C’est ce que disent, d’une autre manière encore, les sociologues Marion Fourcade et Jeff Gordon (@jeffgordon12) sur le toujours excellent LPE (@LPE_project), notamment dans l’article de recherche paru dans le Journal of Law and Political Economy, la version académique du LPE. Pour les deux sociologues, le changement qu’induit l’utilisation des technologies numériques par les administrations transforme profondément la nature de l’appareil d’État. L’État à l’ère des Big Data et de l’IA est finalement moins responsable que son prédécesseur, malgré ses promesses de transparence et d’accessibilité accrue. Pire : la collecte de données alimente une transformation de la rationalité politique dans laquelle les stratégies politiques sont de plus en plus dictées par l’accessibilité des données (au détriment des stratégies qui ne reposent pas sur des données). La prédiction par le calcul remplace l’intervention par d’autres moyens. Du fait de la soumission aux seuls chiffres, ces stratégies sont plus guidées par des questions financières que par toutes autres valeurs. Enfin, dans un État piloté par les données, les entreprises privées peuvent plus facilement reconstruire et subvertir ses attributions, donc remplacer nombre des fonctions qui lui étaient exclusives ou dévolues. Dans ce sens, les entreprises entrent en concurrence avec l’État pour réinventer ses fonctions publiques traditionnelles.

Comme le soulignent les deux sociologues dans leur conclusion : l’État hyperrationaliste du code roi et de l’algorithme impénétrable ne promet aucune garantie qu’il fera mieux que l’État planificateur.

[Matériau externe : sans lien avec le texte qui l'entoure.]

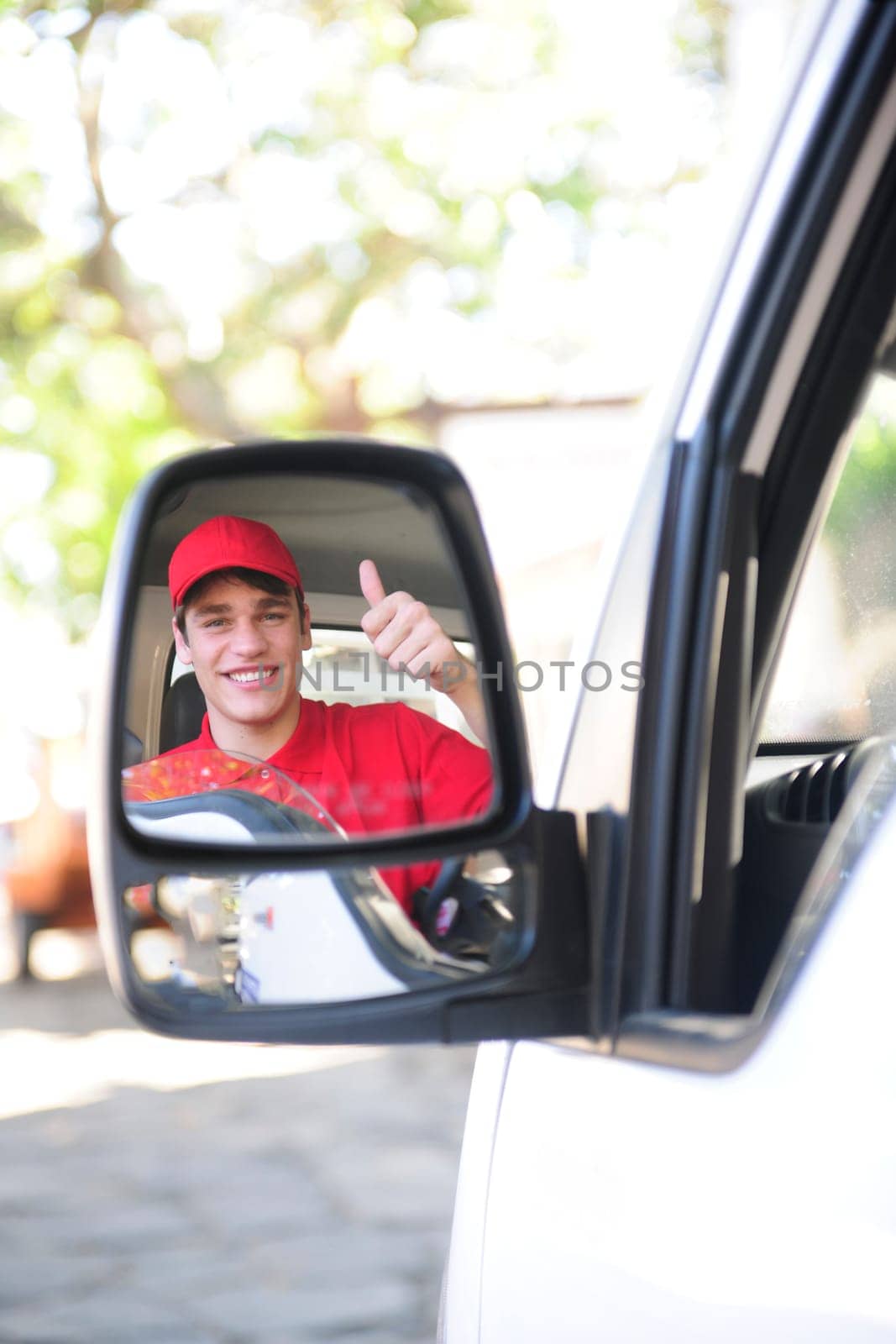 Parcel deliverer in van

La ville intelligente, conçue comme une question d’optimisation de données et de capteurs en temps réel, peut s’avérer aussi invivable que la ville moderne. Reste que l’idéologie solutionniste n’est qu’une idéologie. Pour les deux chercheurs, l’État doit apprendre à voir comme un citoyen, c’est-à-dire comme son public comme dirait le psychologue et philosophe John Dewey. Pour les deux sociologues, l’enjeu consiste à traiter les infrastructures numériques comme des services publics, avec des mécanismes de responsabilité externes aux entreprises et accessibles aux populations, leur permettant de contrôler les conditions de la surveillance et d’accéder à une gouvernance plus collective. Même constat pour la chercheuse en éthique des données et responsable du Global Data Justice, Linnet Taylor (@linnetelwin) dans un article pour la revue Philosophy & Technology, où elle estime que nous devons contraindre les entreprises de la tech, dont les actions ont des implications sur la vie sociale et politique, à respecter les normes auxquels nous soumettons les services publics ! Bref, remettre les valeurs de l’État de droit au cœur de toutes les politiques calculées. Cela ne suffira peut-être pas à rendre l’équité ou la fraternité calculable, mais peut-être que cela nous aidera à mieux saisir ce que le calcul ne peut pas faire. Face à un numérique omniprésent, qui promet d’optimiser les gains de productivité de demain, l’enjeu consiste bien à trouver les modalités pour borner et limiter son extension sans limites.